Gesetzentwurf von SPD, Grünen und FDP
Geplant ist nun die Einfügung eines bundeseinheitlich anwendbaren Katalogs möglicher Schutzvorkehrungen in Paragraf 28a des Infektionsschutzgesetzes. Damit soll es möglich sein, je nach Entwicklung der Lage erforderliche Schutzvorkehrungen zu treffen. Ferner würden gesetzliche oder untergesetzliche Regelungen zum Infektionsschutz im regulären parlamentarischen Verfahren jederzeit kurzfristig ermöglicht, heißt es in dem Entwurf.

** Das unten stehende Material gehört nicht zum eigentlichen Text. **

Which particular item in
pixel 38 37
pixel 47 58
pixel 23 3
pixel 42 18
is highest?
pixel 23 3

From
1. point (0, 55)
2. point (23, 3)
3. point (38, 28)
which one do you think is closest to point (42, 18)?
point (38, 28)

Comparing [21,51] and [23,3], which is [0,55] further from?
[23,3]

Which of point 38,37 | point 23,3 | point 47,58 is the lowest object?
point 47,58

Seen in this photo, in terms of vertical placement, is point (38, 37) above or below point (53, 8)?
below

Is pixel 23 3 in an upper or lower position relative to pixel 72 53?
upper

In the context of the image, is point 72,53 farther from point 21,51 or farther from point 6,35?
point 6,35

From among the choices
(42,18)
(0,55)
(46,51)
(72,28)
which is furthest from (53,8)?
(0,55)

Zugleich werde dafür gesorgt, dass Kindern und andere infektionsgefährdete Gruppen, für die kein Impfangebot verfügbar ist, rechtssicher geschützt werden können. Der neue Katalog sei auf Vorkehrungen beschränkt, die in der jetzigen Phase der Pandemie sinnvoll und angemessen sein könnten, heißt es in dem Entwurf. Die Vorkehrungen könnten je nach regionaler Lage differenziert angewendet werden.

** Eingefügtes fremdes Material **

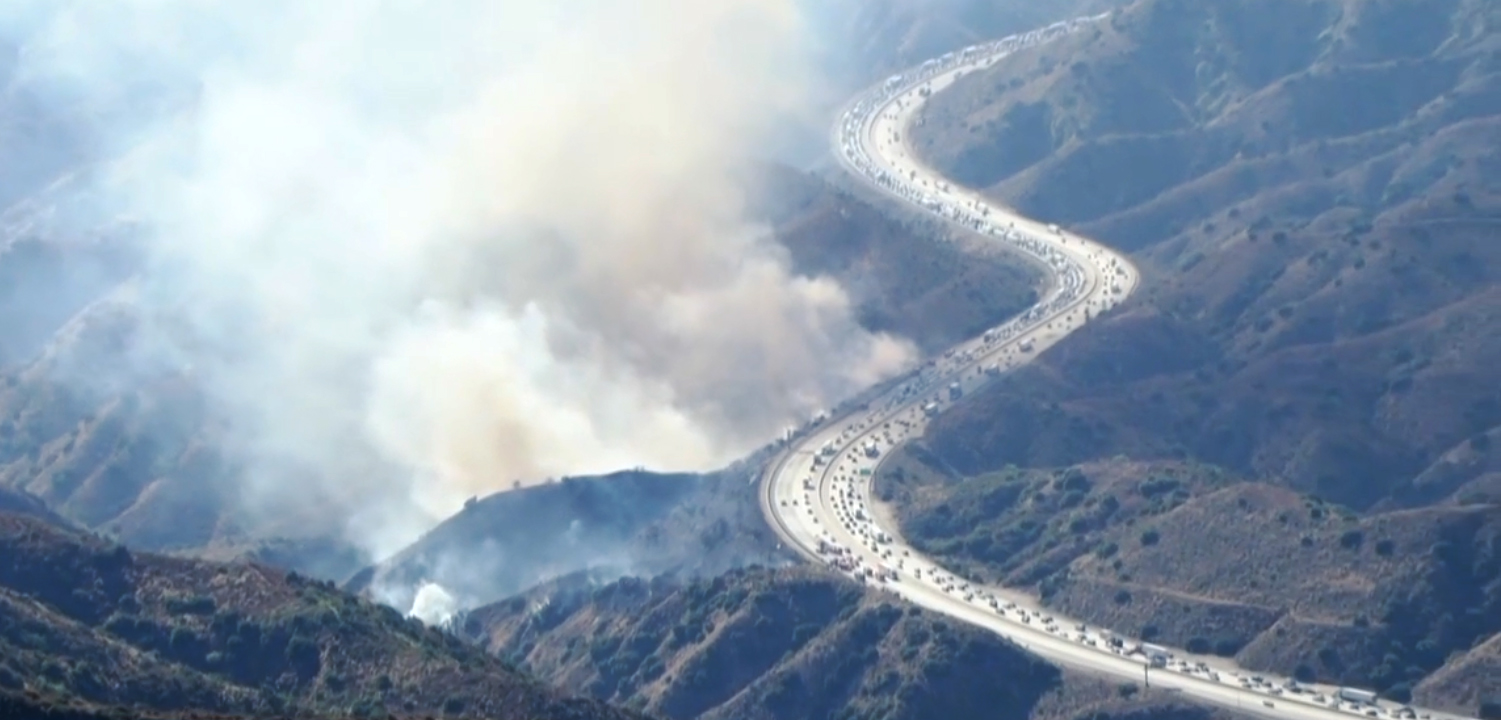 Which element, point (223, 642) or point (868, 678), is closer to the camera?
point (223, 642)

Mögliche Schutzvorkehrungen bis 19. März 2022
In Paragraf 28a Absatz 7 des Infektionsschutzgesetzes werden die Schutzvorkehrungen benannt, die bundesweit bis zum 19. März 2022 unabhängig von der festgestellten epidemischen Lage von nationaler Tragweite ergriffen werden können.
Genannt werden die Anordnung eines Abstandsgebots, die Maskenpflicht, die Vorlage von Impf-, Genesenen- oder Testnachweisen, verpflichtende Hygienekonzepte, Auflagen für den Betrieb von Gemeinschaftseinrichtungen wie Hochschulen oder Einrichtungen der Erwachsenenbildung sowie die Verarbeitung von Kontaktdaten von Kunden, Gästen oder Teilnehmern einer Veranstaltung.

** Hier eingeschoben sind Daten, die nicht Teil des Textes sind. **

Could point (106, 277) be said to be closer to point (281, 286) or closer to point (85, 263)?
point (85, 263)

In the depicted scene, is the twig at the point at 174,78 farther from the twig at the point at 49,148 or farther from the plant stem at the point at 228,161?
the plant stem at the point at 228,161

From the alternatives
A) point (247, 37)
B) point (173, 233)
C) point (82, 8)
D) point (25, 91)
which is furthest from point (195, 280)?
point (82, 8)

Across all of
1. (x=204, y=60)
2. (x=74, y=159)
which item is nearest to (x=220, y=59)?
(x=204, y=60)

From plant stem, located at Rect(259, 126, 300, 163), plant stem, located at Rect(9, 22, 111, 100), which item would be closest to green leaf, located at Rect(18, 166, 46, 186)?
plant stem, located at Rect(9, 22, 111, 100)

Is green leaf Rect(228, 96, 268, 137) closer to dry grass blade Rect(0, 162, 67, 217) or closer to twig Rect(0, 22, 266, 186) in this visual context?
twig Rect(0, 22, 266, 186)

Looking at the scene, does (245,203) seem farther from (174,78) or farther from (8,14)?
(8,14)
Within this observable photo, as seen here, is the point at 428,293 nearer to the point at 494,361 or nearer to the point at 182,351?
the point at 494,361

Erweitertes Kinderkrankengeld auch im Jahr 2022
Der Gesetzentwurf beinhaltet auch die Möglichkeit für Arbeitgeber, unabhängig von der epidemischen Lage in bestimmten Einrichtungen und Unternehmen zur Verhinderung von Infektionen Daten zum Impf- und Serostatus der Beschäftigten zu verarbeiten. Ferner sollen die Sonderregelungen zum Kinderkrankengeld auf das Jahr 2022 ausgedehnt werden.
Geplant sind auch die Verlängerung des vereinfachten Zugangs zu den sozialen Mindestsicherungssystemen sowie die erleichterte Vermögensprüfung im Kinderzuschlag bis Ende März 2022. Auch „bewährte Vorgaben“ zum betrieblichen Infektionsschutz sollen für drei Monate beibehalten werden.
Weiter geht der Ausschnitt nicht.